Lo
recuerdo perfectamente, es una de esas secuencias que siempre permanecerá en mi
memoria. Palacio del Cine, o Palacio del Cinematógrafo, como lo denominaba
Pablo García Baena en ese poema memorable e inmenso, que encierra un brokebackmountain cordobés, Impares, fila 13, solo cinco
espectadores, incluidos mi hermano Pedro y yo en la sala. Los únicos, de los
cinco, que acudíamos al cine con conocimiento de causa. Por aquel tiempo, el
Palacio del Cine apostaba por aquel cine erótico acampanado, entre soft y ridículo, que se marcaba con una
S, y el que una película se titulara Laberinto
de pasiones estaba predestinada a formar parte de su programación. Eso
mismo debieron pensar los otros tres espectadores, que fueron abandonando la
sala, paulatinamente, unos minutos después de haber comenzado la proyección,
visiblemente decepcionados. A Laberinto
de pasiones, a Pedro Almodóvar, llegamos través de la música, en aquellos
años iniciáticos y efervescentes de La Movida. Y es que Almodóvar, ese manchego
gordito e irreverente, junto a Fabio McNamara, era frecuente en el Diario Pop de Radio 3, en Pista Libre o en La edad de oro, de la añorada Paloma Chamorro. El anzuelo fue la
música, es cierto, pero lo mordimos, nos lo tragamos hasta lo más dentro, y
durante años fui, como un beato al encuentro de su santo, a todos y cada uno de
los estrenos de Pedro Almodóvar. Y durante años su cine me fascinó, me cautivó,
a pesar de Tacones Lejanos, a pesar
de Kika, pero ahí estaban La ley del deseo, Matador o Mujeres al borde de
un ataque de nervios para mantenerme dentro del redil.
Provocador,
irregular, genial tal vez por eso mismo, visionario, trasgresor, Almodóvar nos
aportó una nueva mirada, más amplia y diversa, sobre nuestra propia sociedad. Alumbró
los rincones, los puntos muertos, lo que no nos habían mostrado hasta entonces.
Los yonkis, las travestis, los homosexuales, los chulos, los camellos, las
marujas de siempre, las secretarias de verbo rápido o nuestros abuelos, se
colaron en las pantallas de los cines, fueron visibles.
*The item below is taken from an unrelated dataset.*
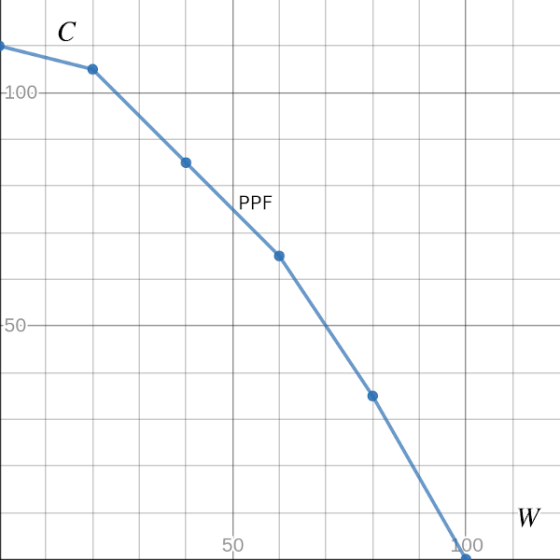 100- PPF 50 00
Se normalizaron, en
cierto modo. Le debemos a Almodóvar mucho más de lo que imaginamos, y es que su
riesgo, su provocación, fue la llave que abrió la puerta del mañana, de este
hoy que disfrutamos. Los llamativos colores de las viviendas de sus personajes
se colaron en nuestras casas, consiguiendo, en gran medida, colorear,
igualmente, una sociedad que aún seguía instalada en el blanco y negro
mortecino y rijoso del NODO. Un verdadero soplo de aire fresco, en nuestra
cinematografía, pero también, y sobre todo, en nuestra sociedad. El cambio de
Siglo no le sentó nada bien a Almodóvar, y salvo en Hable con ella y Volver
apenas recuperó ese latido, vigoroso y canalla, vertiginoso y ocurrente de sus
inicios, como si el caudal de su creatividad se hubiera secado por completo.
Ha
cumplido Almodóvar 70 años y lo ha querido celebrar recuperando buena parte del
brillo y nervio del pasado. Su última película, Dolor y gloria, no puede considerarse como una de sus grandes
obras, aunque sí que es muy superior a lo que nos ha ofrecido en los últimos
tiempos. Si su cine siempre ha sido muy personal, rescatando momentos de su
propia vida, Dolor y gloria tal vez
sea la más autobiográfica, con un espléndido Antonio Banderas que encarna al
propio director manchego. Convertir a Penélope en su madre, con seguridad forme
parte de ese juego cinematográfico que ha desarrollado a lo largo de su
trayectoria, en la que con tanta frecuencia ha recorrido la distancia que
separa a la realidad del deseo gracias a la cámara. Estoy seguro que todavía
nos quedan algunas maravillosas películas de Almodóvar por disfrutar, el tiempo
lo dirá, aunque tampoco le exijamos en demasía a quien tanto nos ha dado. Con
toda seguridad, siempre tendremos una cuenta pendiente con él.